In a regulatory filing on Thursday, Lampert will use his hedge fund, ESL Investments, to offer $4.6 billion in cash and stocks to buy what remains of the entire company. This, he says, will save upwards of 5,000 jobs.
In a statement, Lampert comments that “Sears is an iconic fixture in American retail,” noting that he believes the company still has great potential to evolve from this point and operate with a profitability mindset supported by new capitalization and a new organizational structure. Furthermore, Lampert commends that the major concern, right now, is to preserve jobs, which trickles down to continued economic benefits to communities nationwide.
You may recall that Lampert was the CEO when Sears originally filed for bankruptcy in October. Following this filing, the company is now heading into complete liquidation: the selling off of assets in order to generate cash. Sears, of course, was once an iconic stalwart in American retail, but they have been quickly closing stores and laying off employees; only about 500 stores remain today.
United States Federal Bankruptcy Court Judge Robert Drain is hearing the bankruptcy case. Lampert would need his approval of the plan before ESL could finalize the purchase of Sears. While the gesture to save jobs seems noble, though, a broad committee of Sears creditors has argued, in court, that the company would actually do better by closing the rest of the stores and liquidating the rest of the assets. This, they say, would return the highest monetary value to the lenders.
On the other hand, Lampert has offered to front some of the cash that would be necessary to finalize this deal.

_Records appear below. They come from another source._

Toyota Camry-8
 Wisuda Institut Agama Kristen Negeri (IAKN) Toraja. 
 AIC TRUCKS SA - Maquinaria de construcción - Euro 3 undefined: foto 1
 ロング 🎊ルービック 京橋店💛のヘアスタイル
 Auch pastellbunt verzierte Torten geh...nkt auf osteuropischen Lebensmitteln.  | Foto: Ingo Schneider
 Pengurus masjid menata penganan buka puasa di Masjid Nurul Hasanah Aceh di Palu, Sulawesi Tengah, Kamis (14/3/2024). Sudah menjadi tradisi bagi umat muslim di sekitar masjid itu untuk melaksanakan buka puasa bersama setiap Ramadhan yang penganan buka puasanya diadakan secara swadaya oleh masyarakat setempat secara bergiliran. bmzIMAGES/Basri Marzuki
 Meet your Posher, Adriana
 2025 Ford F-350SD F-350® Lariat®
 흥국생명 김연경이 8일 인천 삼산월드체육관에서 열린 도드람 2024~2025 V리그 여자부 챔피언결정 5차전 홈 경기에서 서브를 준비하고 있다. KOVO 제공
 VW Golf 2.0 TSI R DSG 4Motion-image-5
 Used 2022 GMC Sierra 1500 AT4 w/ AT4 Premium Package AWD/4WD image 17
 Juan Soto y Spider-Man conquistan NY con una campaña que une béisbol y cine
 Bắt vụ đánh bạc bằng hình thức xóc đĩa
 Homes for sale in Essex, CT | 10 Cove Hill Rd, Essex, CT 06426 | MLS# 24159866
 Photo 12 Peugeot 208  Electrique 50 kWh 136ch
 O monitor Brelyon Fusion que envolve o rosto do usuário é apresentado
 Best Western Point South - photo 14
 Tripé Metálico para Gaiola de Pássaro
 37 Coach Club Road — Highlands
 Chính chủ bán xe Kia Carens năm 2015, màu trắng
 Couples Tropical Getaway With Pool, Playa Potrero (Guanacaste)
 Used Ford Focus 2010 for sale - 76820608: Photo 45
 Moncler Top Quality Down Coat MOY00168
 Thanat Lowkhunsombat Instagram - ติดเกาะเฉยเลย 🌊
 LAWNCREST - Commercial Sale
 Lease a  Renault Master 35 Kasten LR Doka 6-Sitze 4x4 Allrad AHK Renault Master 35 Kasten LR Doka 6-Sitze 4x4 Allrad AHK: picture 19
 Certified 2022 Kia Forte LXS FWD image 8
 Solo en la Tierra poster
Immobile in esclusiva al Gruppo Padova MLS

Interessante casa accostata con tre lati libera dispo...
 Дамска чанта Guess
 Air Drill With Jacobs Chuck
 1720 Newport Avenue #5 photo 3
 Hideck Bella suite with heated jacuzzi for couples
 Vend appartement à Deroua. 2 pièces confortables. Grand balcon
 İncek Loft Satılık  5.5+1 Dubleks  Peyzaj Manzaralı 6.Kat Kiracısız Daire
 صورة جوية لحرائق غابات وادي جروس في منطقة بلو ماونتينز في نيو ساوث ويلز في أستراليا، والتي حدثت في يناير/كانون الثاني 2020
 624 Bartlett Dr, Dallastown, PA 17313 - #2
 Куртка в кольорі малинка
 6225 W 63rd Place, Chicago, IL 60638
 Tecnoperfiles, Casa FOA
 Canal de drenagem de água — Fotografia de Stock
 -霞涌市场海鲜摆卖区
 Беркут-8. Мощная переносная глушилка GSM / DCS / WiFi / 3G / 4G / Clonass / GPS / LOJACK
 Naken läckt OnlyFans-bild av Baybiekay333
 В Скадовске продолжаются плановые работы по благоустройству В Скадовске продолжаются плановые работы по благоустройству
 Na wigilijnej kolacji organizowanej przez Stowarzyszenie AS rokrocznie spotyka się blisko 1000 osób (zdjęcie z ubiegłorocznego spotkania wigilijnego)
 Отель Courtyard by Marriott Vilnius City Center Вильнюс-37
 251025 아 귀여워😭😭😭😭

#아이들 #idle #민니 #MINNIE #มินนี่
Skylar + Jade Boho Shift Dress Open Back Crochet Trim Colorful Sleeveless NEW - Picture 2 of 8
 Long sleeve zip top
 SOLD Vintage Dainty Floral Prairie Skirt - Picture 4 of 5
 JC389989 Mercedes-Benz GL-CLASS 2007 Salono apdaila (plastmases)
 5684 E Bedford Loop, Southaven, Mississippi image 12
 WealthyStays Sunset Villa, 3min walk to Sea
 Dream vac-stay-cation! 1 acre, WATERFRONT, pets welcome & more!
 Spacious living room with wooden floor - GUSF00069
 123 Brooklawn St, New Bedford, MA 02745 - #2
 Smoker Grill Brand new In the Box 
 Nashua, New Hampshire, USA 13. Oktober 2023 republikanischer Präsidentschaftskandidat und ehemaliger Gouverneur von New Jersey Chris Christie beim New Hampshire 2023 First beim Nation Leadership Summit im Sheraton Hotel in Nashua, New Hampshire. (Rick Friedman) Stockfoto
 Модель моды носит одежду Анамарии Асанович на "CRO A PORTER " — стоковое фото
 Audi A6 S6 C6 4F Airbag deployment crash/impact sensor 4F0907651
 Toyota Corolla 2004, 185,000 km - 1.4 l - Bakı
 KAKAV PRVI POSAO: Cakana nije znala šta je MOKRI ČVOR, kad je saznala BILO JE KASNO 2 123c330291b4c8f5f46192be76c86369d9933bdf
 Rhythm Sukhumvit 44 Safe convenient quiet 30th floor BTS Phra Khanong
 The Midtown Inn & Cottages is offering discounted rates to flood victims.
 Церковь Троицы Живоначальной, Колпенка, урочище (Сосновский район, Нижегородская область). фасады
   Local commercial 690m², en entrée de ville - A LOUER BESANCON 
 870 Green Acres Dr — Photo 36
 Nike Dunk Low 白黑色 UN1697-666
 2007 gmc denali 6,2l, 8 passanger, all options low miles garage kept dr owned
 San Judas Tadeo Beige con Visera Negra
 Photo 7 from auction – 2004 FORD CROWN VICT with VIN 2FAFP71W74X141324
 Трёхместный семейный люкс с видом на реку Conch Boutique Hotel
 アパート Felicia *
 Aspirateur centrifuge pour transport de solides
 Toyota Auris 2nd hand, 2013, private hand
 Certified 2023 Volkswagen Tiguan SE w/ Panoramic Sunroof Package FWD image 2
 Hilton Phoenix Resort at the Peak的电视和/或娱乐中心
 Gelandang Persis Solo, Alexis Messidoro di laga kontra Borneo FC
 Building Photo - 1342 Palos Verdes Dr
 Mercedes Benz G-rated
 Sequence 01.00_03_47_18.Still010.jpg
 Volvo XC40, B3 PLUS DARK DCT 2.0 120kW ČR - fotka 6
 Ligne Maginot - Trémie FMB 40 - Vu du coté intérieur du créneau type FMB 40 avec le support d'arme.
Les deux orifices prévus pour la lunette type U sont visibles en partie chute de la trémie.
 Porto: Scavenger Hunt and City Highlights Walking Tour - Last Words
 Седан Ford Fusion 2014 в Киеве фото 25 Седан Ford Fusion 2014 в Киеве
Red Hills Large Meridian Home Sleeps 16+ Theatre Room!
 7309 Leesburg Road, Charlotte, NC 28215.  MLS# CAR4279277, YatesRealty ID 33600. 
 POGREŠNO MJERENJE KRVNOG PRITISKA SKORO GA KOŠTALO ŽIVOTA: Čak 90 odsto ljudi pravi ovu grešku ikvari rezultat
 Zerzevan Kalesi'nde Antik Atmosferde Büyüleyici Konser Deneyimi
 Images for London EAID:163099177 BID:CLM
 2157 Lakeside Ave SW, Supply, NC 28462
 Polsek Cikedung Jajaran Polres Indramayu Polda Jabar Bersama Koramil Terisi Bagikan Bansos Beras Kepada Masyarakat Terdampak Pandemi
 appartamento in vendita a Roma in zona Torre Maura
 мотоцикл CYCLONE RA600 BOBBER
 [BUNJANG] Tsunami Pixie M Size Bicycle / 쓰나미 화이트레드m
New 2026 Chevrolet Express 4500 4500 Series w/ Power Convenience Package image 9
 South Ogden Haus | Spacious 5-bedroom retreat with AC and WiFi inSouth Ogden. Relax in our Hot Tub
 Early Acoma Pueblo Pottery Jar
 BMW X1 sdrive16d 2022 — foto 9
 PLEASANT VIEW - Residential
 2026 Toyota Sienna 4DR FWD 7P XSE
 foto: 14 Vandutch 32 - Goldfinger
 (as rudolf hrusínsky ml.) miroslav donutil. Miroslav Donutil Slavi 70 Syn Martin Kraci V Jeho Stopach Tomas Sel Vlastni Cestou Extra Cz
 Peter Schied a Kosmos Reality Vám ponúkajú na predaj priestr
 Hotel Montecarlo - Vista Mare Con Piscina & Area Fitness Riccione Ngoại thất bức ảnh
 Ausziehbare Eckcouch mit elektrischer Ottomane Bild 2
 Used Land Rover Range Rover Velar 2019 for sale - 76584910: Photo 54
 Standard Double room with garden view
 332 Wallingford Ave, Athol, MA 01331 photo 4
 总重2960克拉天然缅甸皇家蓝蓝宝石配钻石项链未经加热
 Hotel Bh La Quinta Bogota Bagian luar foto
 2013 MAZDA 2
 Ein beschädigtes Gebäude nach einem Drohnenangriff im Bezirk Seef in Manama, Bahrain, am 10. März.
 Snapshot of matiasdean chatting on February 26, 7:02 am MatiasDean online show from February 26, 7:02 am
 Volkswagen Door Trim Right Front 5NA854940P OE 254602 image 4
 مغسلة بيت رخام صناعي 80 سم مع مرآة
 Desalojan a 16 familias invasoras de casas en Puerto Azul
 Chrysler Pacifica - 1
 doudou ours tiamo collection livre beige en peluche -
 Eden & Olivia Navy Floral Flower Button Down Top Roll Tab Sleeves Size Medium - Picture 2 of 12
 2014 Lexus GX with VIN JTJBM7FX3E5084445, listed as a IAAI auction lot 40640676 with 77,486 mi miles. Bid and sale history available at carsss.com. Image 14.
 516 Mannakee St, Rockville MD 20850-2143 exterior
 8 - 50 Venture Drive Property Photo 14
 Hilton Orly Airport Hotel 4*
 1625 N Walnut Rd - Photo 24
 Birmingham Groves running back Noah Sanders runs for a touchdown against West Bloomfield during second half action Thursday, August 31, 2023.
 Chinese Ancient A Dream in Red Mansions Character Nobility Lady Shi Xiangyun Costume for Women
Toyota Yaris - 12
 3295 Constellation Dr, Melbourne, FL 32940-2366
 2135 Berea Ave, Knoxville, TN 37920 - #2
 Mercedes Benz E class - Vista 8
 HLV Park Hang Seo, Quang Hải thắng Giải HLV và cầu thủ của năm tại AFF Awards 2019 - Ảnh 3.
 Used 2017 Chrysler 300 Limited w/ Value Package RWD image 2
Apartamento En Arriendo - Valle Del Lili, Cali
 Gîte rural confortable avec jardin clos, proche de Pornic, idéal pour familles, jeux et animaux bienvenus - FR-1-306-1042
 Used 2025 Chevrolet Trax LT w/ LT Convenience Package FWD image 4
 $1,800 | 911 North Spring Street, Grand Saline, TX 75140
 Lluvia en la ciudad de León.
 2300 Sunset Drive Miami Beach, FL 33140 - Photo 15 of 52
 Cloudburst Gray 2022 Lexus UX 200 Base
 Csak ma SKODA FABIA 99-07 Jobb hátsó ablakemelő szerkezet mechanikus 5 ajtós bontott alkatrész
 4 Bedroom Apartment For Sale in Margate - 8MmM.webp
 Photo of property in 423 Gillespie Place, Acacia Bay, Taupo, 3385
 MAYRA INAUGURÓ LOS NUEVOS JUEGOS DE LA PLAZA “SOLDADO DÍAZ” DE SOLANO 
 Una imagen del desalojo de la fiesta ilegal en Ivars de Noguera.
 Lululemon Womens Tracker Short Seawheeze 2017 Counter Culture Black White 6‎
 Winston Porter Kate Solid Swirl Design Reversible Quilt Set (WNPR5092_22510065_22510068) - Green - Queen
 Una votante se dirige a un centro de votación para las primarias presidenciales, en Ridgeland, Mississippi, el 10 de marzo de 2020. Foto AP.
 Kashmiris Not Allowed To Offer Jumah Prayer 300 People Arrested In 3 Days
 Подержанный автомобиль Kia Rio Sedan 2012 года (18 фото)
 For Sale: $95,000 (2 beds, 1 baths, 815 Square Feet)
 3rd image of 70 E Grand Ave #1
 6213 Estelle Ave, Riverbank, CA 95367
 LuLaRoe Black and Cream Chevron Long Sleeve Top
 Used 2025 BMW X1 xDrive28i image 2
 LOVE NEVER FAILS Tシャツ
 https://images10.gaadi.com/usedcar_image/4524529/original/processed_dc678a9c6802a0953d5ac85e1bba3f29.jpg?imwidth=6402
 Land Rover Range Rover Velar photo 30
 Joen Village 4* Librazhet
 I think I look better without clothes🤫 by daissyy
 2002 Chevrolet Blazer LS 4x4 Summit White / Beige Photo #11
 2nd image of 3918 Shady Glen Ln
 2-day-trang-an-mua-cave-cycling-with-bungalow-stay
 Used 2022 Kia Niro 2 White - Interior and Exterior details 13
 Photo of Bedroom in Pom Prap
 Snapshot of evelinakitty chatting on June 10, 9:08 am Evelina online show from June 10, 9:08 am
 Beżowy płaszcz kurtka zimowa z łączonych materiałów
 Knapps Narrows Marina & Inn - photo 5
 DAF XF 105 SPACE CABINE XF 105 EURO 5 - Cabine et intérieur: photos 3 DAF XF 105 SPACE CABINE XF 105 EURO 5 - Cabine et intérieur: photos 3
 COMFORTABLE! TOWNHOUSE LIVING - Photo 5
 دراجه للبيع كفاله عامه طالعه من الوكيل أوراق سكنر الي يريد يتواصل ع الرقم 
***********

Basically, his proposal includes $950 in cash from loans that Sears could borrow from more lenders. ESL, then, would take equity stakes in Sears in return for the company forgiving $1.8 billion in secured debt. Lampert argues that this debt is anchored by hard assets (ie, real estate) and proposes ESL should assume $1.1 billion in liabilities (which could include extended product warranties and gift cards and points accrued through the loyalty shopping program).